2. Niet-verrekenbare ontvangsten
De belangrijkste mutaties in de niet-verrekenbare ontvangsten (totaal + f 5,9 miljoen) vinden plaats bij de Koninklijke marine en -luchtmacht. Dit betreft met name rente-ontvangsten.
De nadere wijzigingen ten opzichte van de Voorlopige rekening 1998 bedragen + f 26,2 miljoen.
De per saldo hogere verrekenbare ontvangsten die daarin begrepen zijn bedragen in totaal f 22,2 miljoen, waaronder f 1,1 miljoen HGIS. Dit betreft met name mutaties bij de Koninklijke marine (hogere ontvangsten omzetbelasting, invoerrechten en accijnzen als gevolg van een actiever beleid alsmede het sneller betalen van vorderingen door de belastingdienst), de Koninklijke landmacht (invordering verstrekte voorschotten aan militair personeel, toename geleverde diensten) en het Defensie Interservice Commando (met name een correctieboeking met betrekking tot de ontvangst van de Ziekenfondsraad, die niet meer voor 1998 gepland stond).
De hogere overige ontvangsten bedragen per saldo f 4,0 miljoen. De belangrijkste post daarbij is de hogere ontvangst in verband met de definitieve afrekening van de uitgaven voor de staf in Münster bij het beleidsterrein Koninklijke landmacht. Dit bedrag komt ten gunste van het generale beeld evenals de ontvangst van f 1,7 miljoen bij het beleidsterrein Multi-service projecten en activiteiten, zijnde een ingehouden boete wegens te late levering van de aanvullende investeringen voor Chinook-helikopters.
Voor een (meer uitgebreide) toelichting op de opmerkelijke verrekenbare en niet-verrekenbare ontvangstenmutaties wordt verwezen naar de artikelsgewijze toelichting.
Voor het verklaren van verschillen tussen de gerealiseerde bedragen en de beschikbare bedragen na de tweede suppletore begroting is een norm gehanteerd. Op het niveau van begrotingsartikel worden alleen de verschillen toegelicht die in principe groter zijn dan, danwel gelijk zijn aan 5 % (van het geautoriseerde begrotingsartikelbedrag) danwel f 10 miljoen.

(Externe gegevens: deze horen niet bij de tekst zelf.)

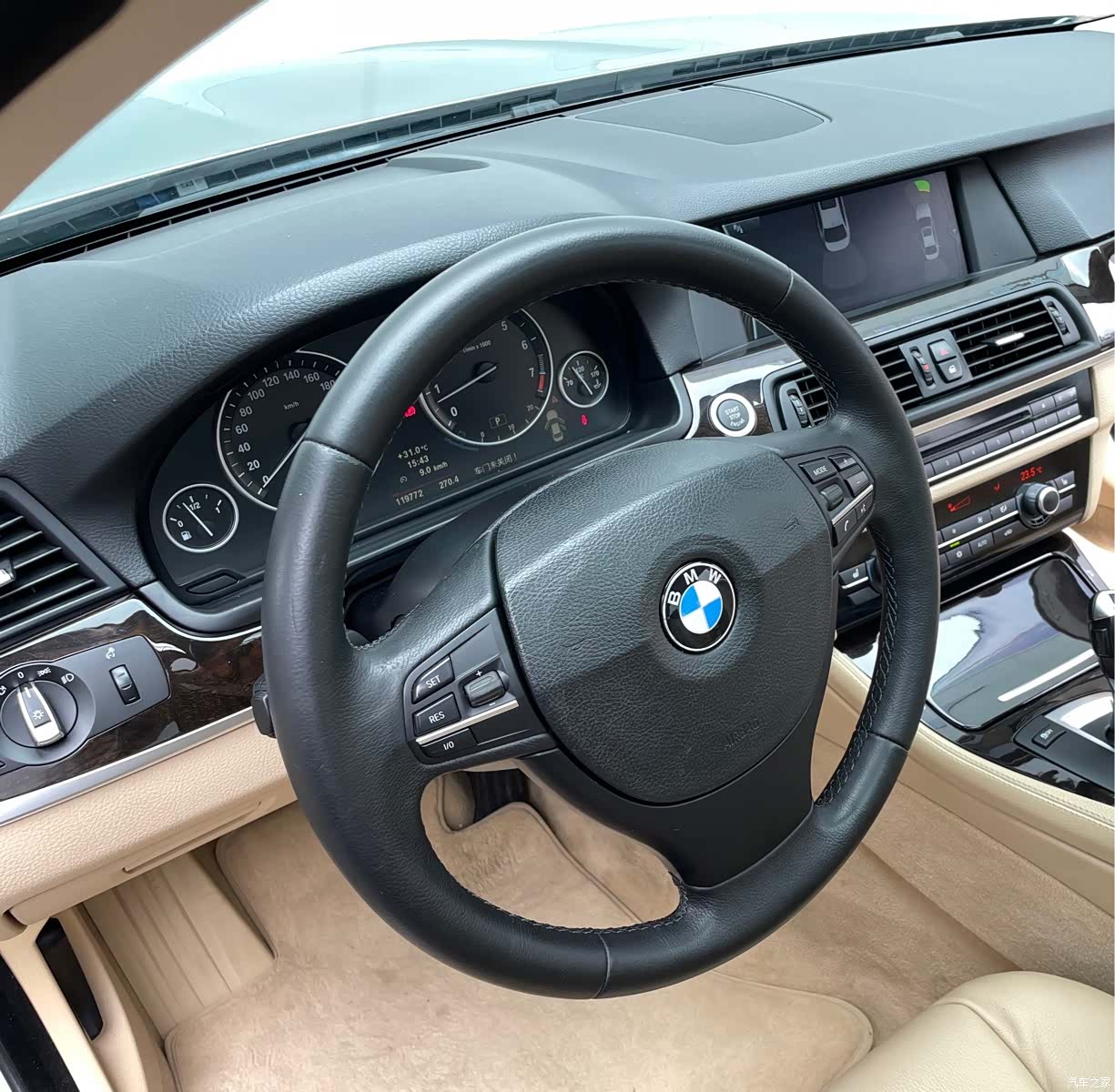 BMW 5 Series, 2011 16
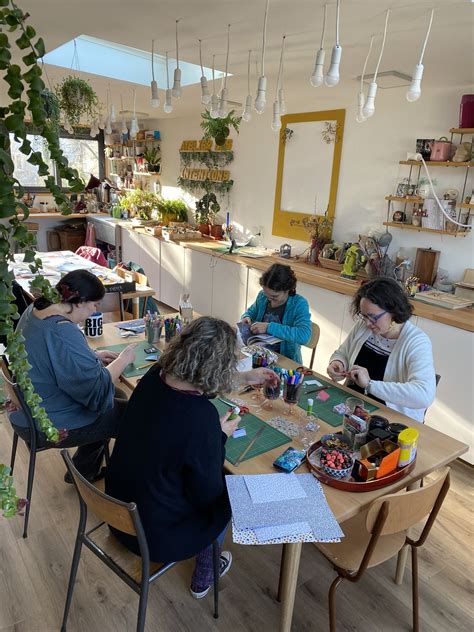 Personnes participant à un atelier de loisirs créatifs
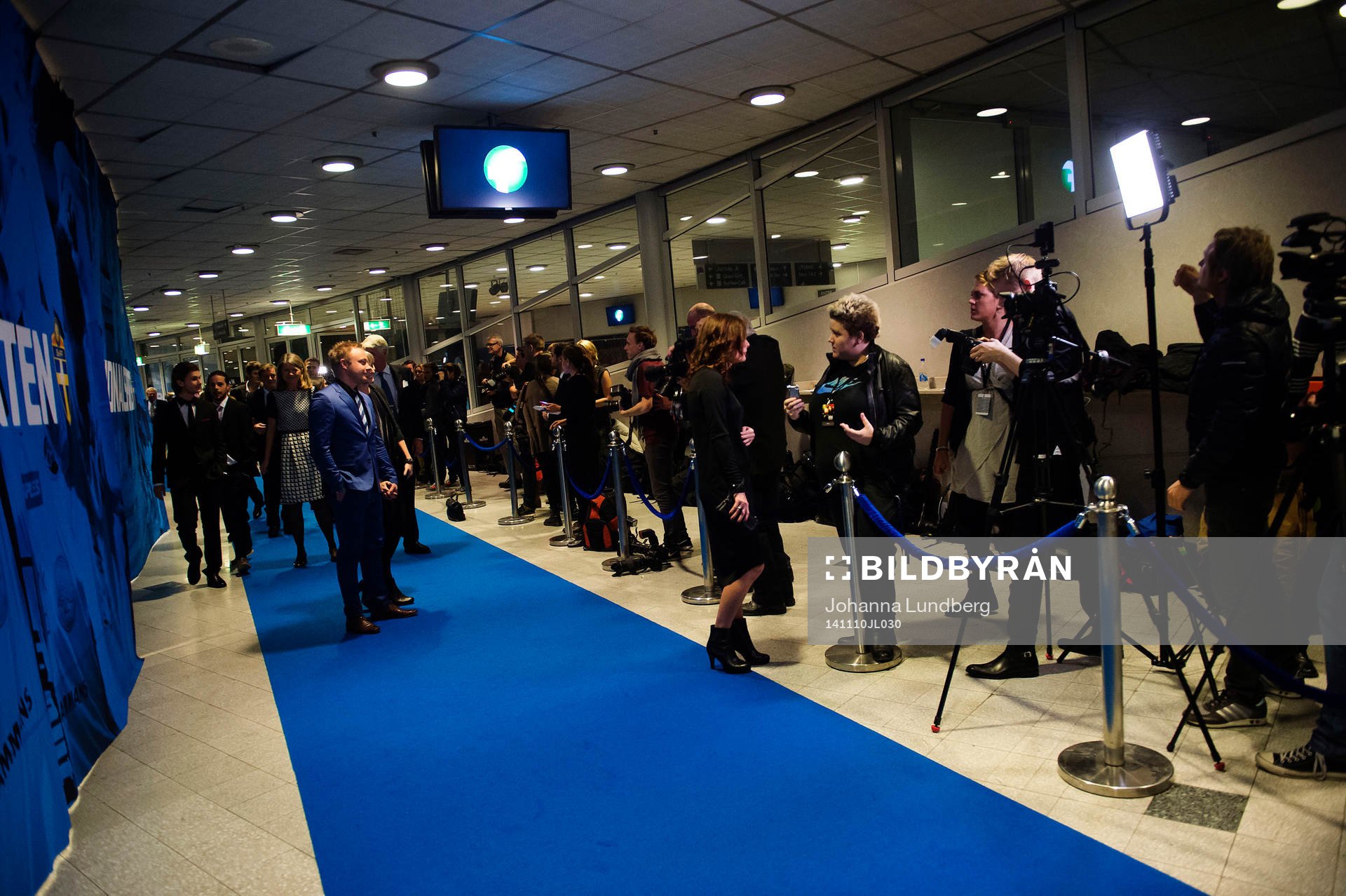 Fotografer och journalister på blåa mattan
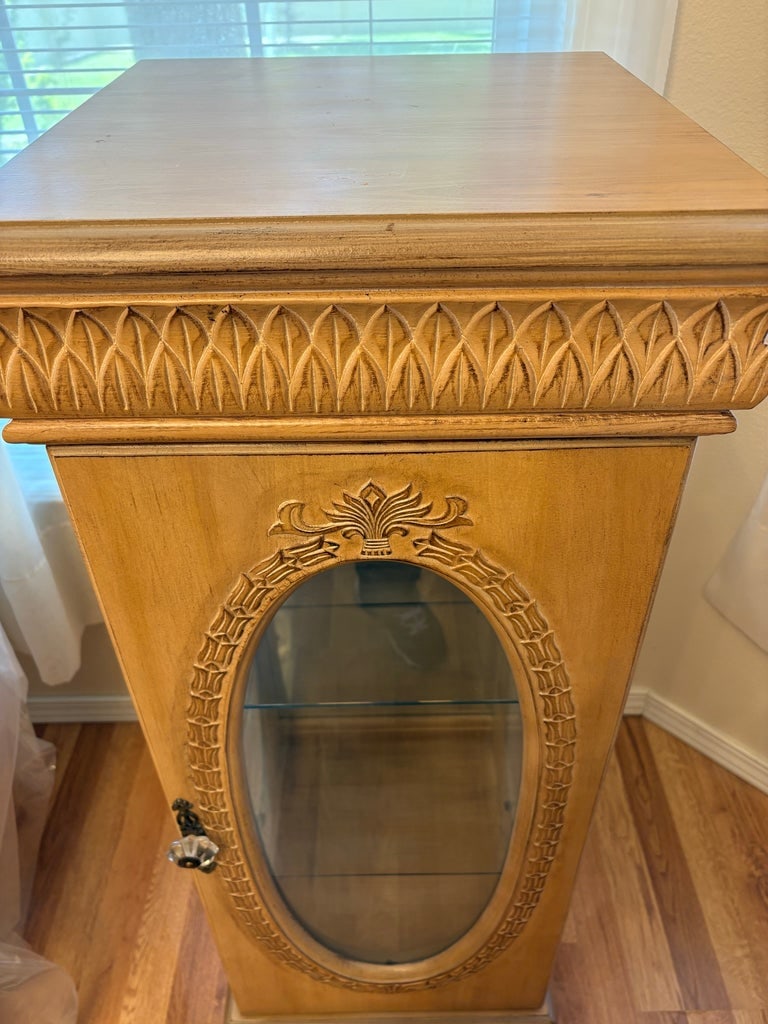 1980's Ethan Allen Style Blonde Pier-Curio Cabinet, With Handcrafted Wood Details - 5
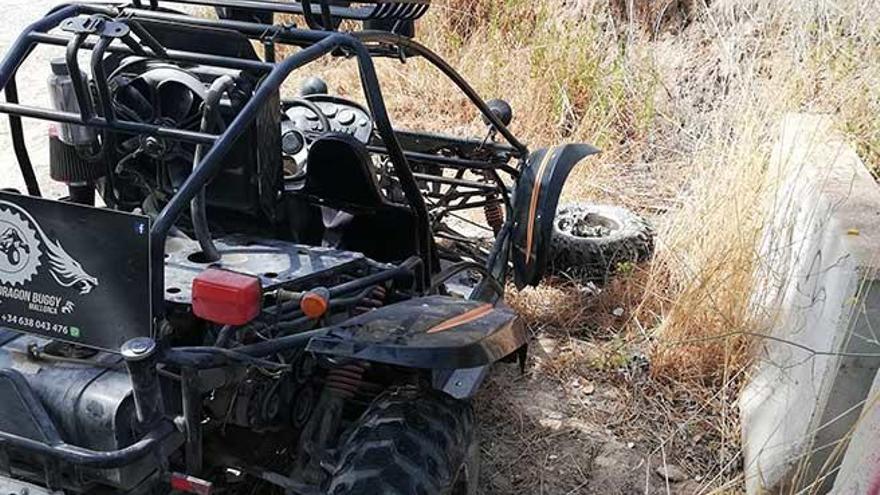 Un quad derriba una pared del recinto de las termas romanas de Son Servera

Wetsartikel 1 (Uitgaven/Verplichtingen)
De lagere realisatie van de uitgaven op dit artikel (f 12,277 miljoen) ten opzichte van de tweede suppletore begroting 1998 is het gevolg van minder inhuur van O-, I- en A-deskundigheid ten behoeve van de millenniumproblematiek. Het budget is doorgeschoven naar de begroting van 1999.
De hogere verplichtingen ten opzichte van de tweede suppletore begroting 1998 van f 17,499 miljoen zijn voornamelijk het gevolg van meerjarig aangegane verplichtingen in het kader van de millenniumproblematiek.
01.23 Internationale verplichtingen
De hogere uitgaven ten opzichte van de tweede suppletore begroting 1998 van f 8,559 miljoen zijn voornamelijk het gevolg van hogere uitgaven voor de AWACS-investeringen. Bij de aanvankelijk geraamde uitgaven werd rekening gehouden met een vertraging. Uiteindelijk heeft de leverancier Boeing binnen het contract meer gepresteerd dan werd verwacht.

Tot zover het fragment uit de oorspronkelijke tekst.